23 Kasım 2017 Perşembe

Okudum Bitti- 156: Adem'in Kekliği ve Chopin || Mustafa Çiftci




                Kitap seven herkese merhaba. Mustafa Çiftci okumayı bir süredir istiyordum. Son kitabından başlamayayım, ilk hikayeleriyle tanışayım diye erteledim. Üç kitabını birden aldım. Ve çok bekletmeden hepsini okuyacağım. Dilini, anlatımını çok sevdim.

           İncecik bir kitapta on altı güzel hikaye var.
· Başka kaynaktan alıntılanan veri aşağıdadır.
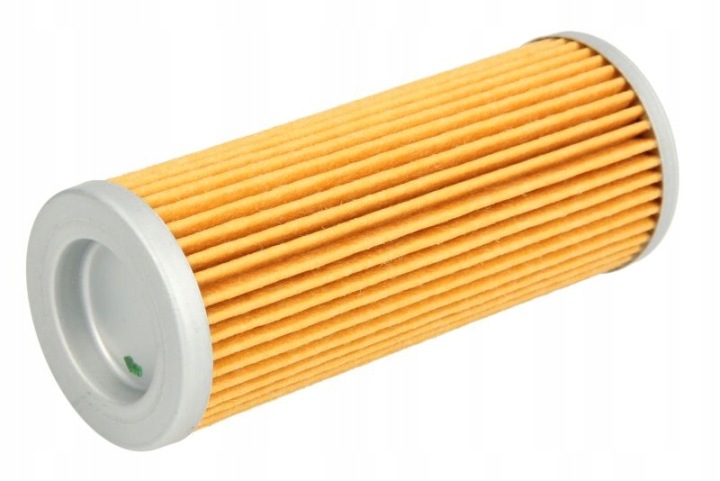 FILTRE HUILES HF652 MOTOS PCS HIFLO
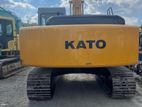 Kato HD820V-6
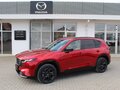 Mazda CX-5 G141/AT/AWD/HOM. P T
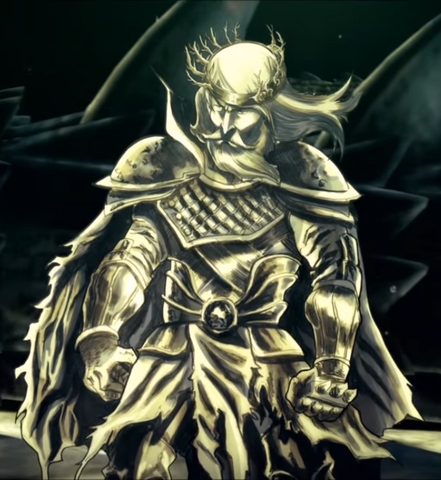 Archivo:Qhored Hoare HBO.png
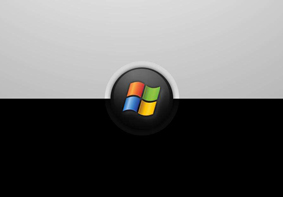 WinXP系统怎么清理磁盘碎片 电脑清理磁盘碎片的方法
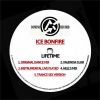 Download track Lifetime (Valencia Club)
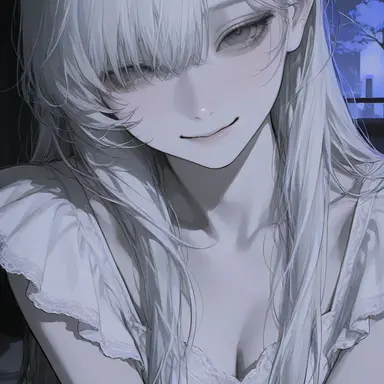 Profile image of 透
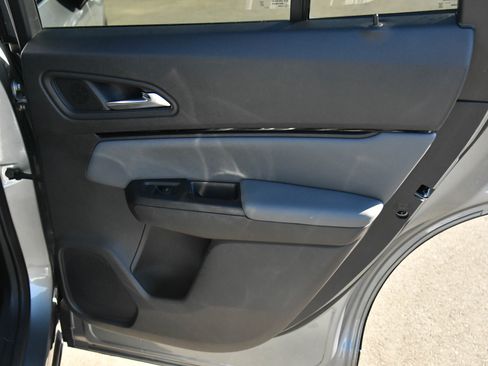 Used 2024 Honda Prologue Touring image 47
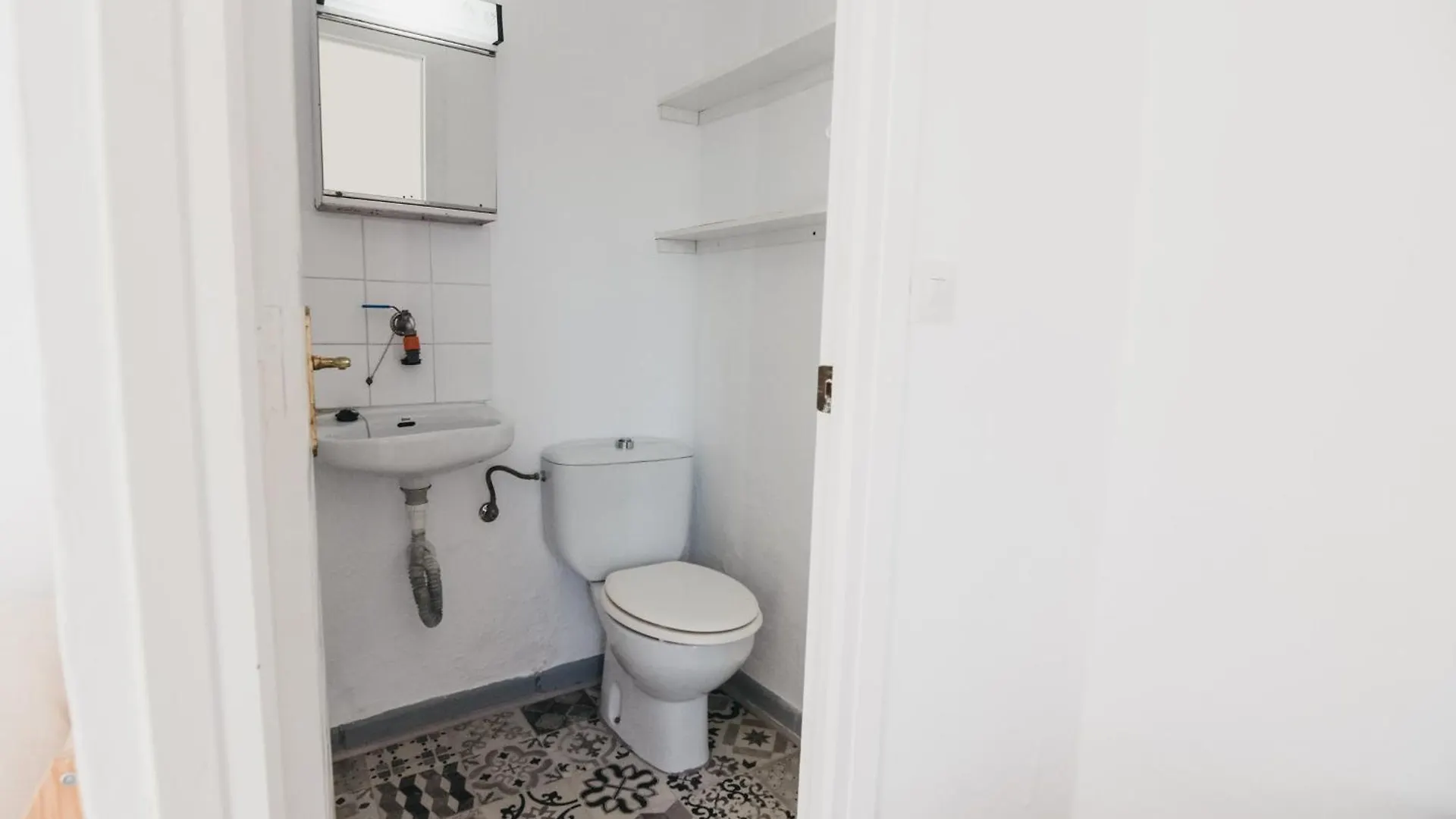 Villa Casa La Martina Frigiliana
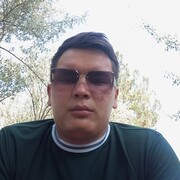 ���������� ������, ���� ����� Avazbek, 24 ����, ������������ ��� ������, ����� � ���������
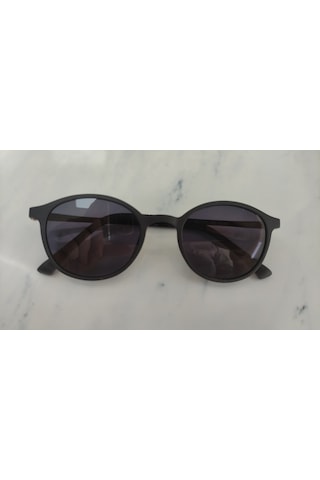 Evoke Berlin 49ekt C.39 Unisex Güneş Gözlüğü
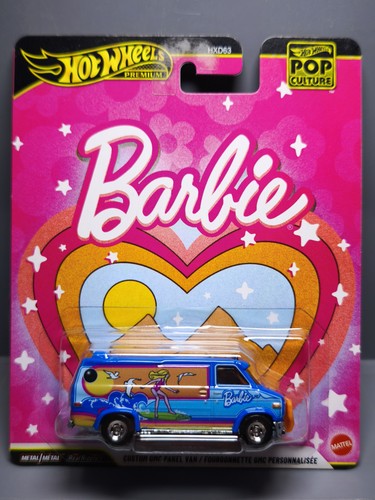 Hot wheels 2026 - hot, pop
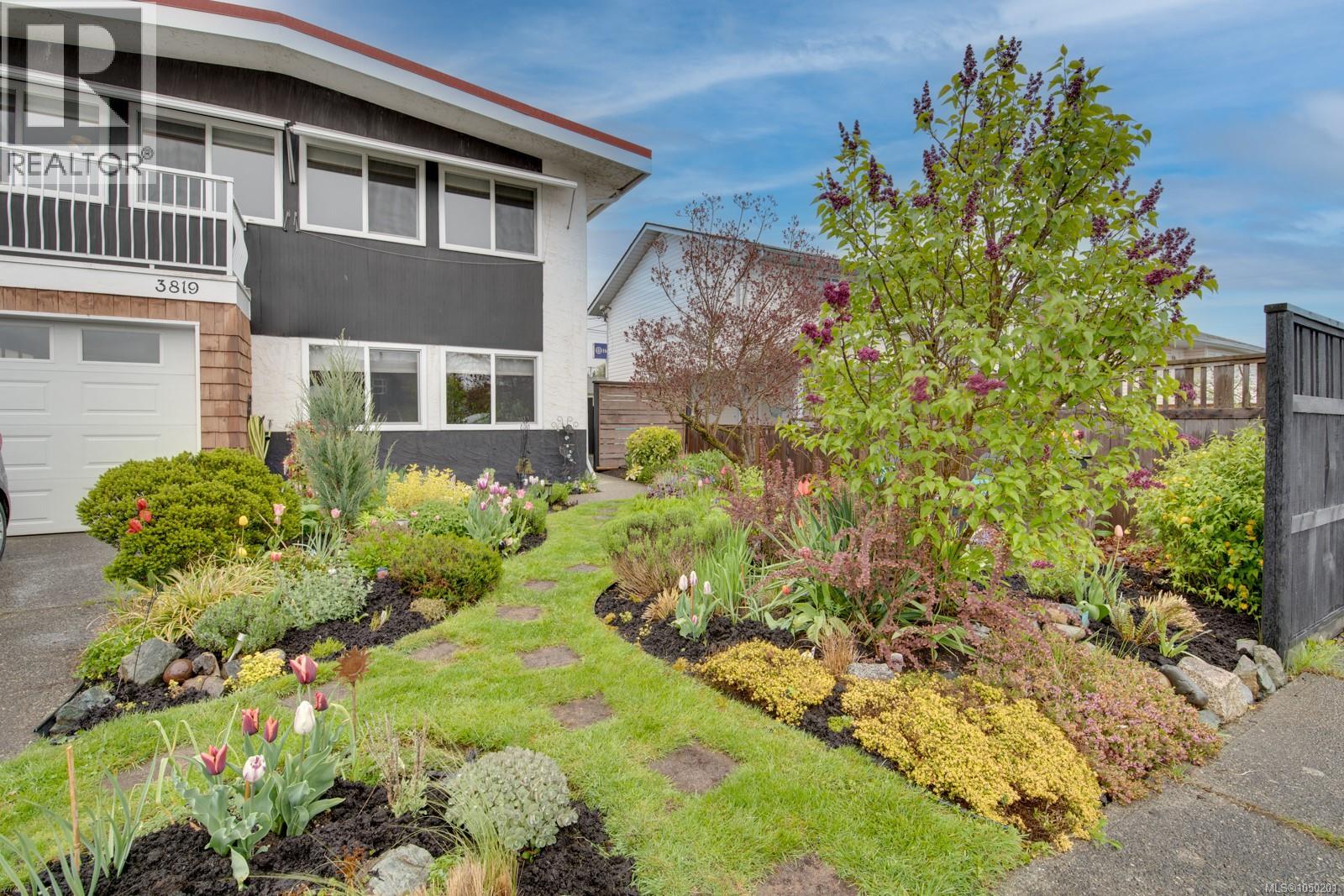3819 14th Ave, Port Alberni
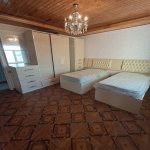 Satılır 3 otaqlı Həyət evi/villa, Novxanı, Abşeron rayonu 11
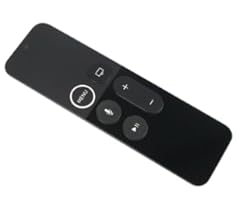 Remote control replacement for sale  Delivered anywhere in USA 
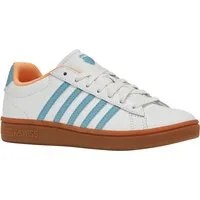 K-Swiss Court Tiebreak II Sneaker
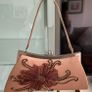 Olga berg Designer Bag Image 9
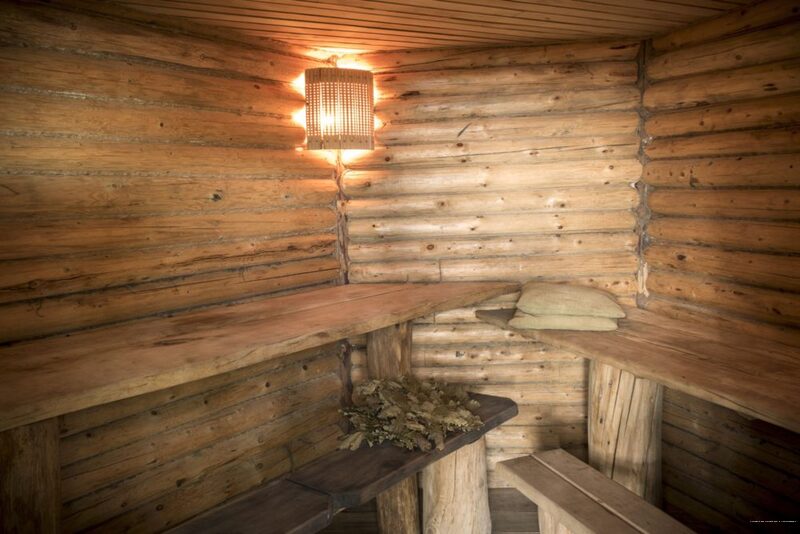 Фото Сосновый Бор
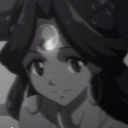 marauderslover77 avatar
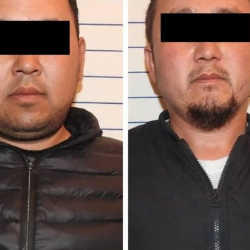 Кеминдин тургунун достору сабап өлтүргөн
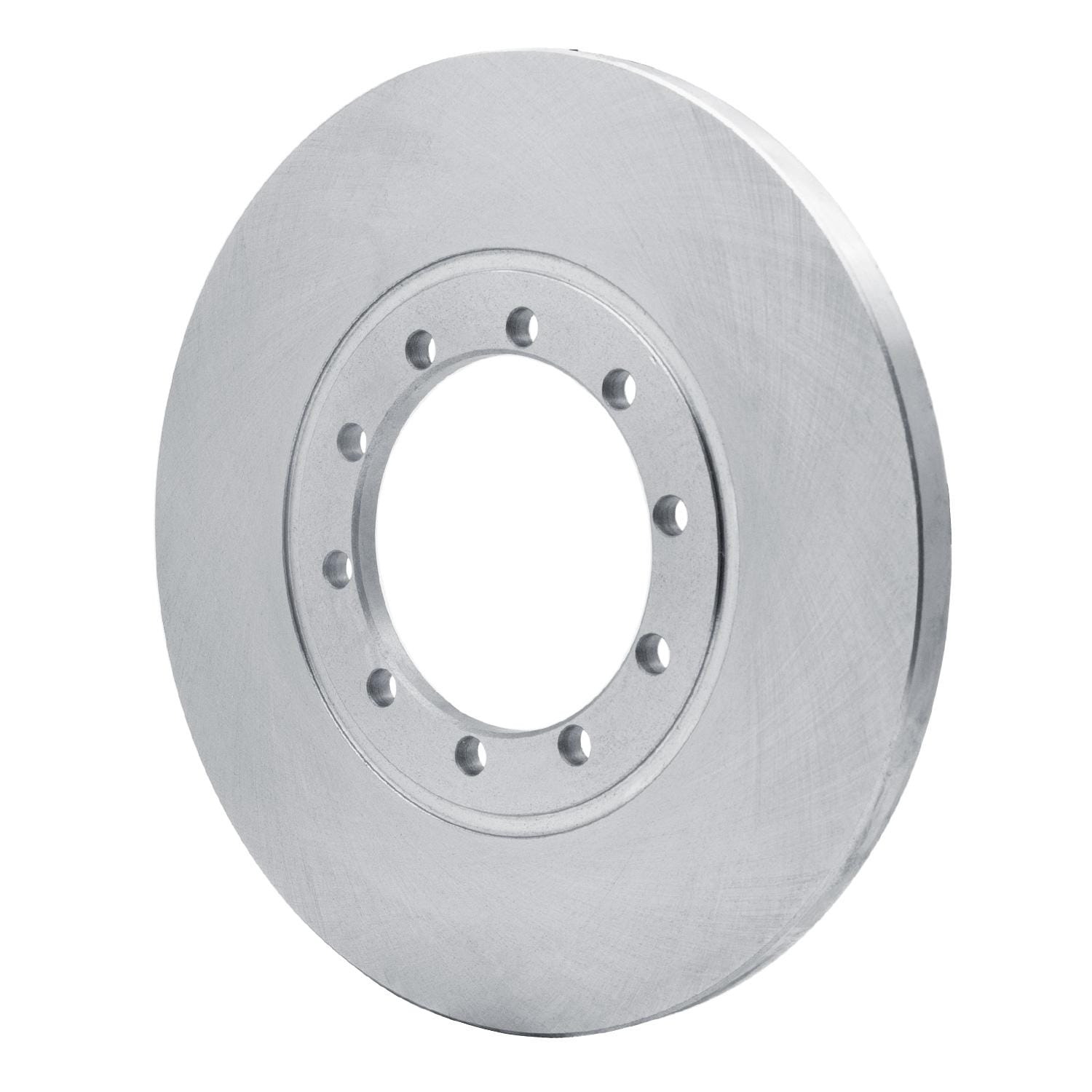R1 Disc Brake Rotor ERE-92010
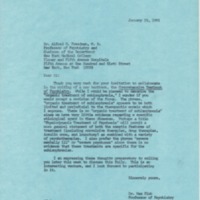 mfp-05-00-019-1-047.pdf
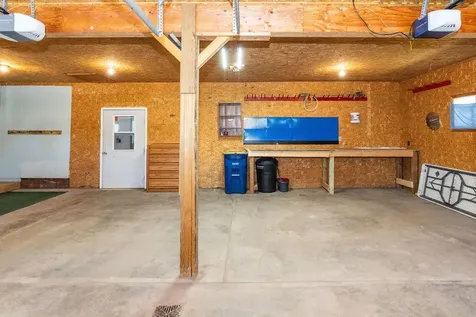 405 6th Avenue Edgeley ND 58433
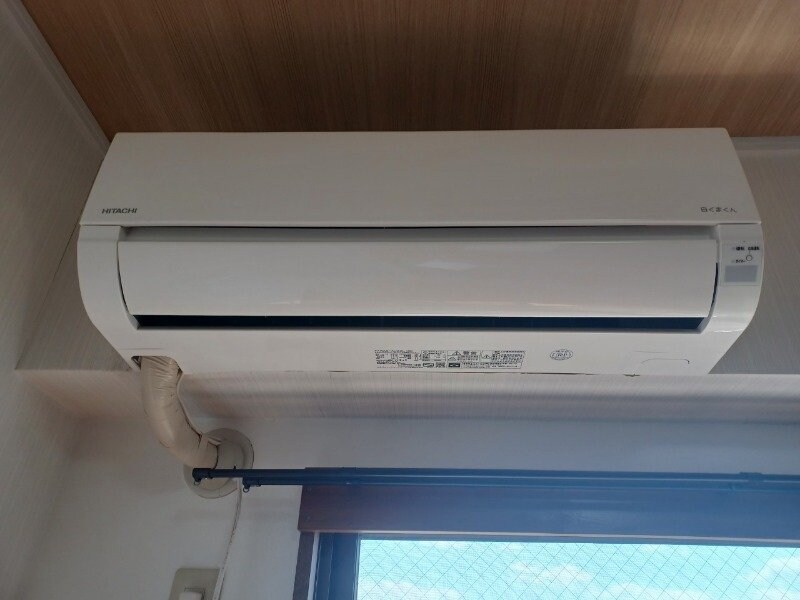 物件内観写真21　(別部屋4N、同タイプの写真です)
Hepsi duygu dolu. Karakterler günlük hayatta rastlanabilecek türden, anlatım da sıcak olunca, bayıldım. Yöresel ağızla yazılan diyaloglar da ayrı bir keyif veriyor. Çoğunu okurken sanki hikâye okumuyorum da birileri kendi başına gelenleri anlatıyor da çeşitli tepkiler vererek dinliyormuş hissine kapıldım.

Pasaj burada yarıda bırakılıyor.